May 5 marks the 30th anniversary of an explosive uprising in the Northwest Washington neighborhood of Mount Pleasant. Although the city’s history of racial conflict is often remembered in connection with events like the 1968 uprising after the assassination of the Rev. Martin Luther King Jr., this event broke out in one of the city’s most diverse neighborhoods, focusing attention on the plight of its Latino residents.
The Mount Pleasant uprising was an important inflection point in the longer history of Central American disenfranchisement in the United States and a pivotal chapter in the Latino civil and human rights movement. The uprising brought the issue of police brutality against Latinos to the attention of the city, as community leaders pointed to the years-long neglect of Latinos by D.C. institutions, agencies and services. Central Americans were seen through one of two prisms: as a threat or as exploitable, but hardly ever as residents who were part of the fabric of the District. The uprising occurred alongside a longer struggle by immigration activists, residents and community leaders who called for local, national and international attention to the crisis experienced by Central American refugees who were escaping civil war in their homelands and simultaneously trying to survive the American city.
Mount Pleasant was a majority-White neighborhood until Black residents began settling there in the mid-20th century. White flight and suburbanization accelerated the trend. However, as early as the 1950s, a small number of Puerto Ricans, Cubans and other Latin Americans who came to work for the federal government found housing opportunities in the community between low-income Black residents to the east and well-to-do White residents to the west. Businesses serving a Spanish-speaking clientele emerged in the 1960s and 1970s.
Then, refugees fleeing civil wars in El Salvador, Guatemala and Nicaragua began arriving, transforming the neighborhood again. They settled there because the prior settlement of Latinos had helped turn Mount Pleasant and Adams Morgan into D.C.’s unofficial barrio. The census showed that D.C.’s Latino population nearly doubled between 1980 and 1990, from 17,679 to 32,710.
The arrival of these Salvadorans and Guatemalans remade Mount Pleasant into a neighborhood of sanctuary, services and cultural affirmation, where one could live as an undocumented Spanish-speaking worker and be among a majority, not a minority. Many found jobs as domestic workers, cooks and service workers, living in overcrowded apartments and pooling their money to pay the rent. Despite these difficult conditions, Central Americans created a space of refuge in the nation’s capital.
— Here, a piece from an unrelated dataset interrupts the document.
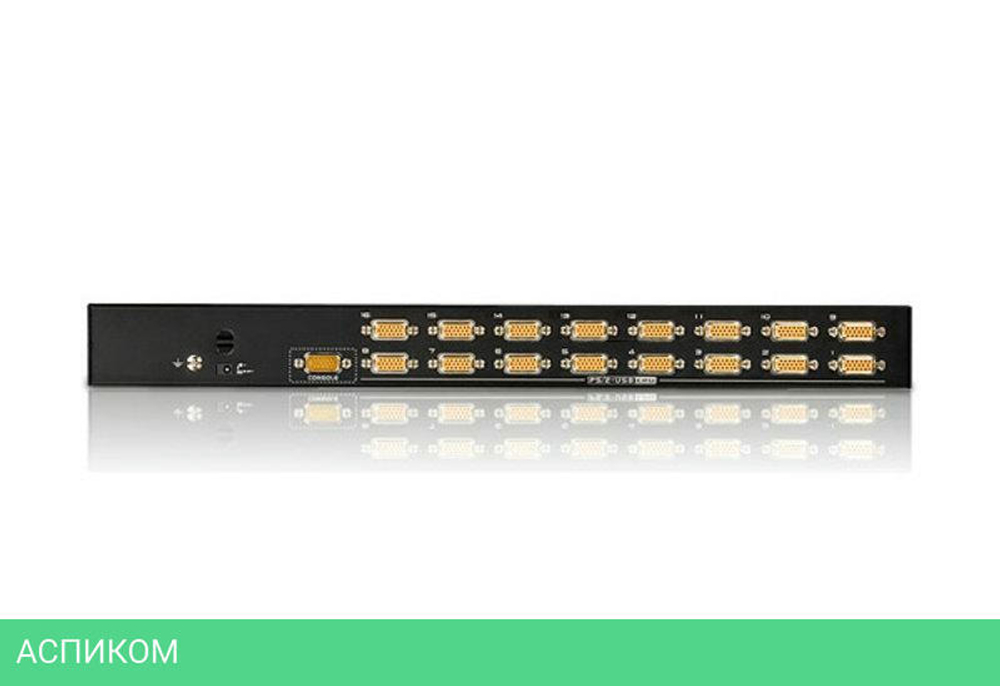 KVM-переключатель Aten CS1316-AT-G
Such a refuge was necessary because the Reagan administration made many of these Central Americans ineligible for asylum, thus politicizing their circumstances since they were fleeing authoritarian regimes supported by the United States because of Washington’s Cold War anti-communist aims. Yet their undocumented status left these refugees vulnerable as they contended with systemic racism and racialized policing. Living as undocumented immigrants, Salvadorans and Guatemalans were subjected to relentless deportation raids while working in restaurants, playing on soccer fields or resting at home. This association with illegality carried over to mistreatment by D.C. police, who often viewed Central Americans as less than citizens. Two D.C. journalists examined this sentiment presaging the 1991 uprising, by noting: “Latinos already felt that they were the victims of police harassment.”
This policing created a powder keg of resentment. And then, on May 5, 1991, it erupted.